O salario mínimo , no Brasil,  é um mecanismo de proteção e como tal deve ser encarado. Devemos indagar que tipo de proteção estamos falando, pois sabemos que a melhor política de proteção aos indivíduos seria a de lhes propiciar os mecanismos básicos de sobrevivência: educação desde a mais tenra idade e oportunidades legitimas de trabalho que só uma economia de mercado, assentada num ambiente competitivo, poderia gerar. São partícipes desse processo social os pais, diretamente, e o Estado, indiretamente, pela garantia de escola às crianças. Este é o primeiro estágio. O segundo estágio tem que ver com a ambientação econômica. Se não se tem uma ambientação econômica ubiquamente competitiva e até pelo contrário temos todos os tipos de expropriação de recursos públicos por um grupo privilegiado, deixando a mingua o pobre, então a questão do salario mínimo passa a ser relevante. Não que se vá conseguir milagres. Apenas o limite do que é justo e certo.

De fato, é neste contexto que surge o salario mínimo no Brasil.

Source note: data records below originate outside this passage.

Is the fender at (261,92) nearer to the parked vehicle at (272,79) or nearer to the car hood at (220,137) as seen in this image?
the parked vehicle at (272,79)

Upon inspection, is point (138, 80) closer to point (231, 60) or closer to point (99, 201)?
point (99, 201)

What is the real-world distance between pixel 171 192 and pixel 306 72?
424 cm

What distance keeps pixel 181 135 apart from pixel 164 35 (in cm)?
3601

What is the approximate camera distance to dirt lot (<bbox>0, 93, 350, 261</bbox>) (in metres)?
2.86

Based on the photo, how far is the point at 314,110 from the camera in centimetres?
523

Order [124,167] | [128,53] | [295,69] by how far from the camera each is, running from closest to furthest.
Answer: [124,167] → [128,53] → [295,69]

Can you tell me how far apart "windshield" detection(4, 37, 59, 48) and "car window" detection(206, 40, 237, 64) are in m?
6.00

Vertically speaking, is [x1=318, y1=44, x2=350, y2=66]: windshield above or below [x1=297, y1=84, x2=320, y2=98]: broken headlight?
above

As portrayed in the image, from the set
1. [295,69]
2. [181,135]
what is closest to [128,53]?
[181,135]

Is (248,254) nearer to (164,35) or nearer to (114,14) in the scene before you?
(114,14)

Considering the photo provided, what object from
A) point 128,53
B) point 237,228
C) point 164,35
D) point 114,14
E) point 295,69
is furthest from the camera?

Foi com a revolução de 1930 que se estabeleceu um padrão mínimo de salário aos trabalhadores sem qualificação, em reação a forma como os mais privilegiados tratavam os mais humildes. Com o tempo e com as oportunidades crescendo amplamente para as faixas populacionais mais pobres, o caminho do salario mínimo seria superado pelo salário de mercado. Mas o que presenciamos no Brasil? A reversão de uma economia de mercado para uma totalmente dirigida e subsidiada aos poderosos. Qual o caminho do salario médio da economia sob este novo regime econômico cartorial? Uma segmentação estranha: redução do poder de compra do salario mínimo e aumento do salario médio para os servidores públicos, notadamente os servidores públicos federais ou os ligados ao poder judiciário e legislativo. Para piorar tudo, diferentemente dos países desenvolvidos em que a questão do salario mínimo está relacionada aos jovens estudantes e aos imigrantes, a questão do piso salarial , dada renda familiar miserável do povo brasileiro, é ubíqua.

Este é o quadro presente. A discrepância morrerá? Creio que enquanto estivermos fora de um ambiente competitivo, o salario mínimo correrá atrás do seu prejuízo histórico. Certamente não alcançara o poder de compra que teve em épocas saudosas. Se a incongruência continua, certamente continuará a ladainha de que o salario mínimo não poderá acabar com a desigualdade social. Mas, certamente, contê-lo ou simplesmente extirpá-lo o mal social será, sem duvida, maior. Creio eu que sem o salario mínimo o regresso a Cassa Grande & Senzala seria imediato.

Uma boa politica de salario mínimo é torná-lo, em futuro esperançoso, ”non- binding”. O resto é politica.